WHAT YOU HAVE TO DO
Begin your copy at the line holding "That's how you're" and end it at the last line of the listing. Keep every line exact and leave out the pictures.

'''

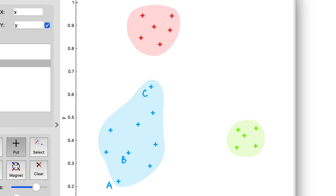In our example, we can estimate the cohesion of point B by computing the average distance to every other point in the cluster. Call this value A.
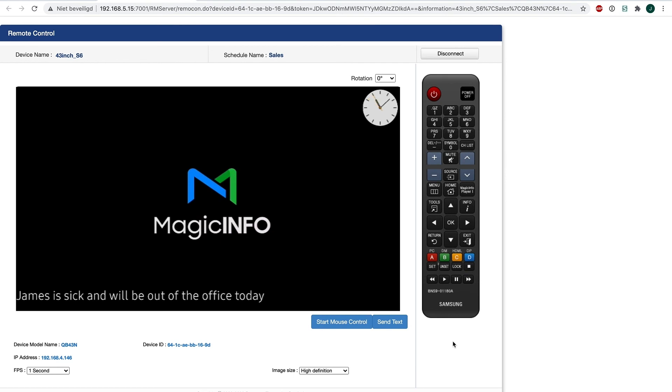This is also a really quick and effective tool to get information out as well. And this is how to create a message and how to get it on your devices. Thanks for watching.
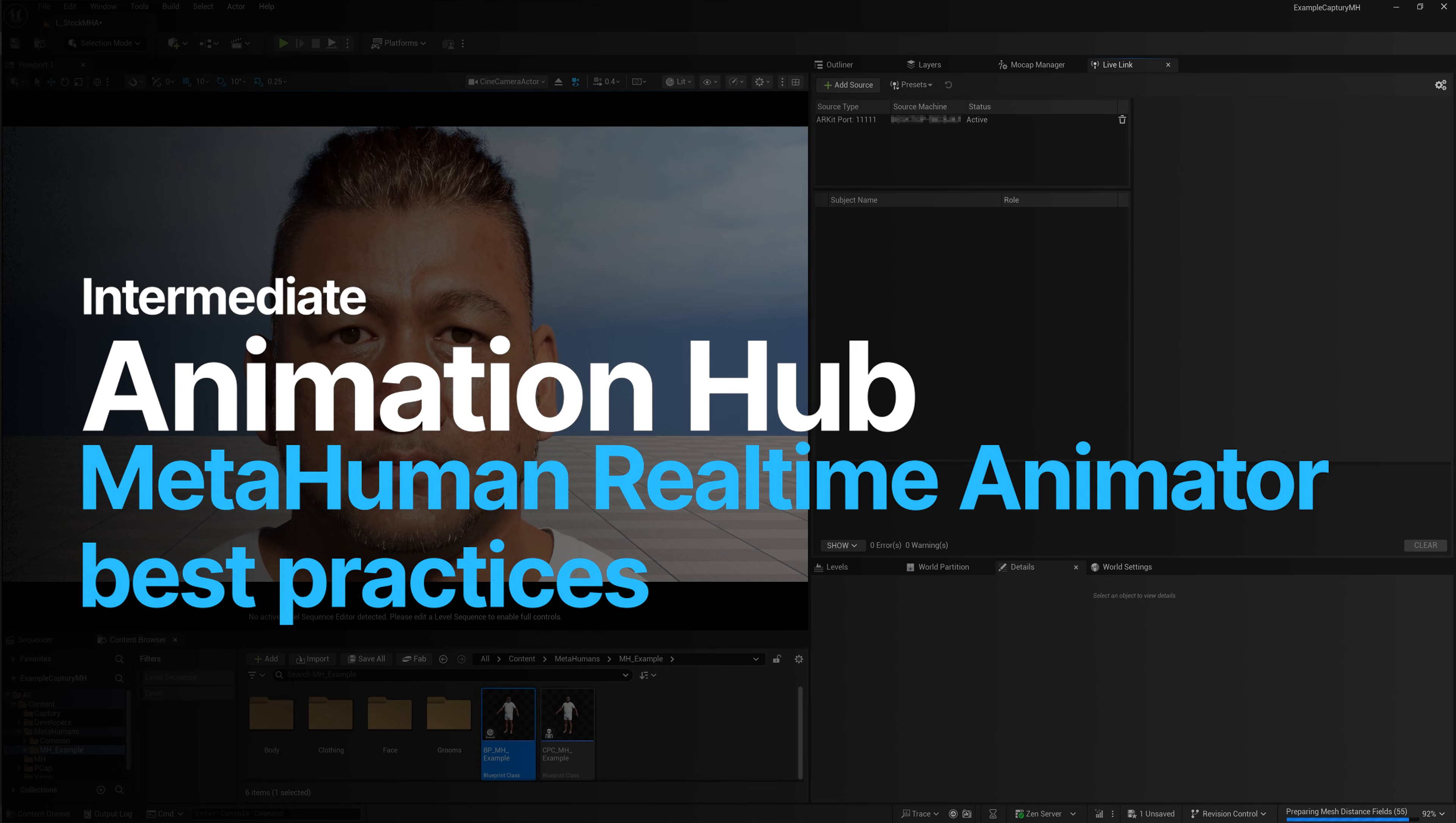Welcome to Animation Hub. Today we're going to be looking at best practices for using a webcam for MetaHuman Animator.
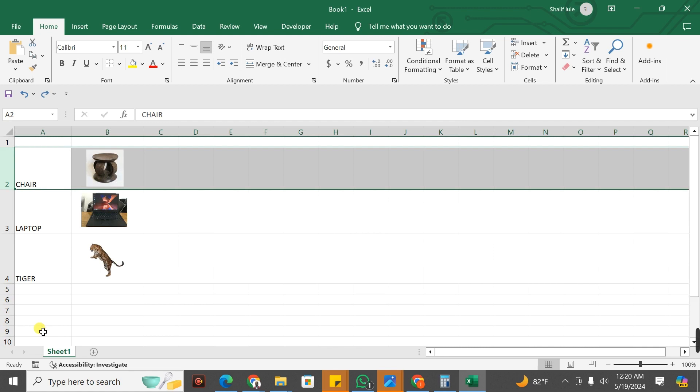That's how you're able to insert an image into an Excel cell.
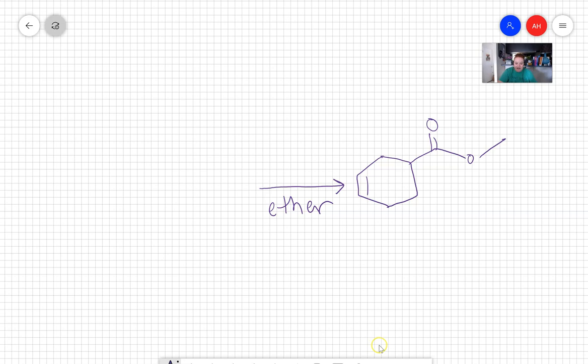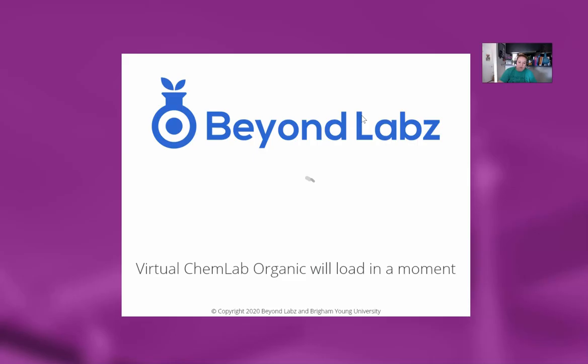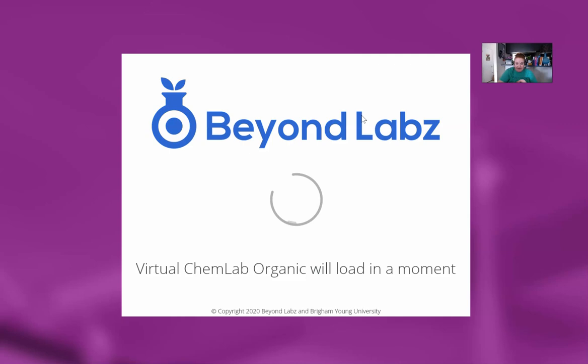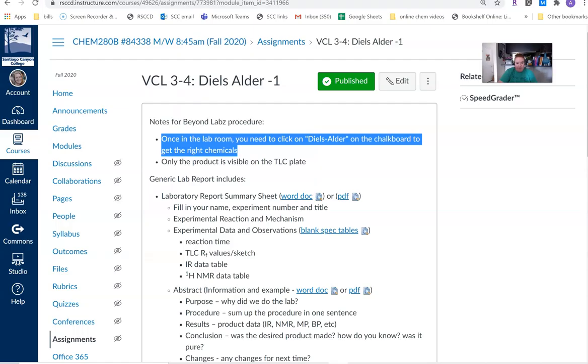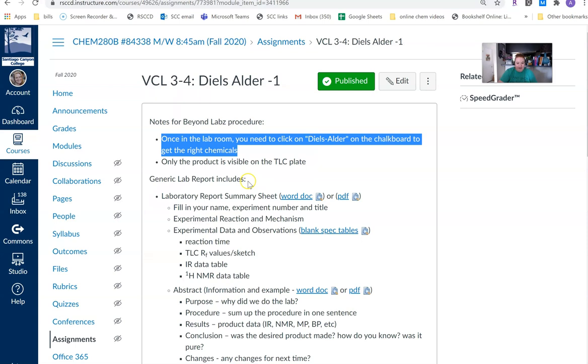So we need to figure out what our starting materials are based off of a couple things. We're going to base it off of what's available in our lab room. And we're going to base it off of the fact that this is a Diels-Alder reaction. So I'm opening up my software here. I'm going to go into that diene section again and then the 3-4 reaction. And then while I'm doing this, I'm also going to go open up the lab assignment on Canvas.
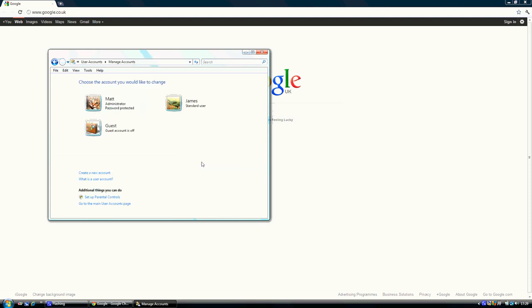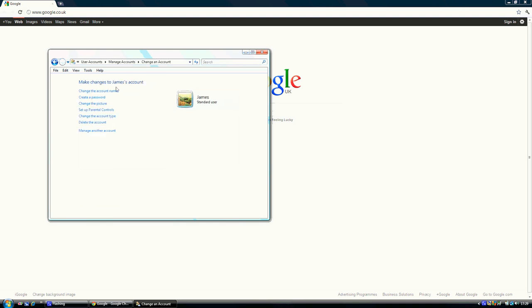Once selected your new account has now been created. If you click on that account you will then see there are many features such as create a password and set up parental controls.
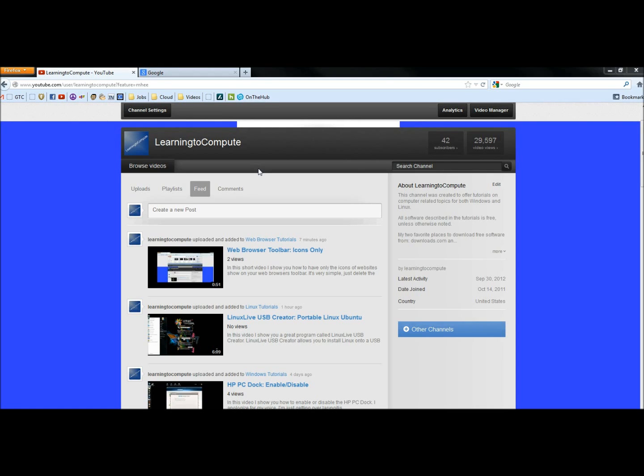Hello, in this video I'm going to show you how to download and install Service Pack 1 for Windows 7 when it doesn't install through Windows Updates.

'''

OUTPUT OF THE EXERCISE
That's how you're able to insert an image into an Excel cell.
So we need to figure out what our starting materials are based off of a couple things. We're going to base it off of what's available in our lab room. And we're going to base it off of the fact that this is a Diels-Alder reaction. So I'm opening up my software here. I'm going to go into that diene section again and then the 3-4 reaction. And then while I'm doing this, I'm also going to go open up the lab assignment on Canvas.
Once selected your new account has now been created. If you click on that account you will then see there are many features such as create a password and set up parental controls.
Hello, in this video I'm going to show you how to download and install Service Pack 1 for Windows 7 when it doesn't install through Windows Updates.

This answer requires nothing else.